I just got one about 3 weeks ago and I really enjoy it. Its a little louder than what I'm used to switching from a longbow to recurve but I'm told that a recurve will be louder anyhow. Having said that, it is a very good shooting bow. Imo


----------



## chenryiv (Apr 20, 2012)

George @ Archery Learning Center in Snellville has one in stock. I think it's a 45#. He can order one in short order.  It a very smooth shooting bow & fast to boot.


----------



## Golightly (Apr 21, 2012)

Matt at Army Navy in Stockbridge is a Hoyt dealer now.  Give him a call.  I do not go anywhere else for bow tuning.  Great guy.


----------



## snakekiller (Apr 21, 2012)

I been shooting mine for a few months and love it it is a little louder than my longbows but I shoot the recurve better . I still love my big jims bows to just gonna keep them both.


----------



## chenryiv (Apr 21, 2012)

Golightly said:


> Matt at Army Navy in Stockbridge is a Hoyt dealer now.  Give him a call.  I do not go anywhere else for bow tuning.  Great guy.



X2


----------



## crazyjigr (Apr 22, 2012)

Shoots very good, high priced 
Store in Augusta had a large variety in stock
Price was best I found just could not pull the trigger on non wood trad bow


----------



## gtfisherman (Apr 23, 2012)

crazyjigr said:


> Shoots very good, high priced
> Store in Augusta had a large variety in stock
> Price was best I found just could not pull the trigger on non wood trad bow



I hear ya. Where in Augusta?

This is taking a back seat right now since a good friend who sees the need to enable my bow weakness is selling me another Big Jim Buff...


----------



## markland (Apr 23, 2012)

I have had mine since Jan and is probably the best shooting recurve I have ever had.  I was a BW shooter for 12-13 years and Bob Lee bows before that.  I sold all my BW and am keeping this Buffalo bow.  Faster, smoother, and quieter then my other bows and is highly adjustable to perfectly fit me and my shooting style.
I got mine very quiet, just have to pad the limbs, change out the factory string and I picked up more speed as well.  My Buff in factory form was 11fps faster then my BW set up the same poundage, arrow, etc.  Now with a new string and 25gr lighter arrows I am 19fps faster then my previous setup.  Love that bow!


----------



## Vance Henry (Apr 27, 2012)

Waldens outdoors in Augusta has a few.


----------



## TIMBERGHOST (May 1, 2012)

I had a chance to shoot a few arrows out of one at NGT April 1st.  Very smooth, very fast, and extremely accurate. Seemed lighter in physical weight than my PMA.  Everybody knows I love my Black Widow recurves but if I was ever to stray that Eichler Edition Hoyt Buffalo has my attention.  Great bow!


----------



## Tikki (May 1, 2012)

I have 2 (50# &55#) and like them both. As many have mentioned it is a well balanced bow - kind of heavy though when stalking. The string noise can me dampered with the proper silencers and limb guards. Over all it is a great bow!


----------



## gtfisherman (May 1, 2012)

Thanks guys!

Dendy got me back into the Biggie fold though... :0

And in order to make my 3 piece bow happen I ordered a Timberhawk Hunter. Should have it in the first of September.


----------



## sawtooth (May 5, 2012)

can i still shoot it ever' now and theN?


----------



## TGbow (May 5, 2012)

gtfisherman, sent you a pm


----------



## gtfisherman (May 6, 2012)

sawtooth said:


> can i still shoot it ever' now and theN?

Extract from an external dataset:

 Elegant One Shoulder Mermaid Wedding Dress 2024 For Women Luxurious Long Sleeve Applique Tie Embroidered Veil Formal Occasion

Seein as how you trained this bow so well that it stacks arras into nothing I imagine I can let you shoot it again.


----------



## Daryle2248 (May 8, 2012)

I shot one yesterday at the Army Navy Store in Stockbridge and it shoots Sweeeeet. The draw was very smooth an virtually no hand shock. It was a little heavier and louder than I expected.  Close your eyes and you'd think you were carrying a compund bow. The noise could be due to the fact that I was shooting inside their indoor range.  It may have been quieter if I were in an ideal environment such as the woods/outside. I did like the fact that you could adjust the poundage and tiller. One more thing, Hoyt is very proud of this bow ($PRICE). “Ouch”. With that being said, if I had the money, I’d be shooting it this afternoon.


----------